Nick looked at him, curious, but his father misinterpreted his interest.

“He was writing a book on Jan Masaryk,” he explained. “His death. It’s still a controversy here, how he died.”

“Yes, Masaryk,” Frantisek said. “You know about Masaryk in America?”

“Yes,” Nick said, to be polite, but in fact who did anymore? A forgotten name. Twenty years ago, a famous leap from the Czernin Palace that was the end of the republic. A national hero’s funeral. Pictures in Life. In the West, a murder no one could prove and everyone forgot. But here, evidently, still an open wound, a reminder of the world before, like Anna’s china.

“He couldn’t hide the book,” Frantisek said. “Everyone knew what he was doing. Last year, when they opened the case, even the police wanted to help him. Everyone wanted the truth about Masaryk. Last year. Now they won’t even let you go to Lany. No flowers.”

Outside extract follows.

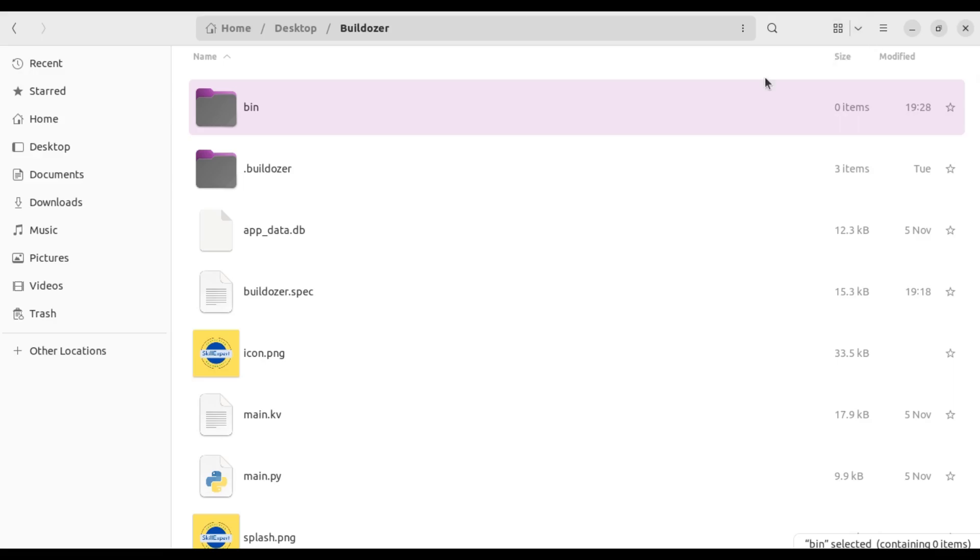Welcome everyone once again to Code Slice. We're continuing with the Bulldozer tutorials. There's nothing more boring than having five Kivy apps on your mobile phone and they all have the same icon.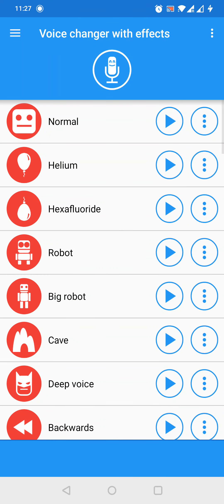Now we could choose from a ton of different effects. For the big robot effect, we need to tap on the play button next to the big robot text.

“His grave,” his father said to Nick. “The family grave. Not far from Lidice. We’re a country of symbols here. It’s a way to talk to each other. Last year people started taking flowers there. A shrine. Now that would be an embarrassment to the government, too Czech, so they put an end to it.”

“People remember,” Frantisek said vaguely, his words a little slurred.

“What did he mean, when they opened the case? Who’s they?”

“The Government-the old Government, Dubcek. One of the first things he did was order an investigation into Masaryk’s death. It’s time to know the truth, he said. Of course, the Russians weren’t pleased. They knew what it meant. Another symbol, you see.”

“It’s twenty years ago.”

His father looked at him. “Yes. But a crime like that-to know the truth can be a political act.”

Nick looked back, reading the code. “Here,” he said.

“Like Masaryk,” Frantisek said again, lost now in drink.

“Is that how he did it?” Molly stood behind him, a dishtowel in her hand. “Like Masaryk? Out the window?”

“No, pills,” his father said, then to Frantisek, “he felt no pain. You just go to sleep. It’s the best way.”

Frantisek nodded. “The best way.”

“Such talk,” Anna said.

Nick looked at his father. Had he ever thought about it? Those years now were a story, a walk around the boat deck, but what had they really been like? Bad enough to wonder? A glass of water before bedtime. You just go to sleep.

“Masaryk said the window was the housemaid’s way out,” his father said. “A servant’s death.”

“Hah. That’s good, the housemaid’s,” Frantisek said. “Those fools. Did they think we would believe it? That he’d go like that?” He took another drink. “He thought he could work with them. Like Milos?”

“Our clothes must be dry,” Molly said, excusing herself.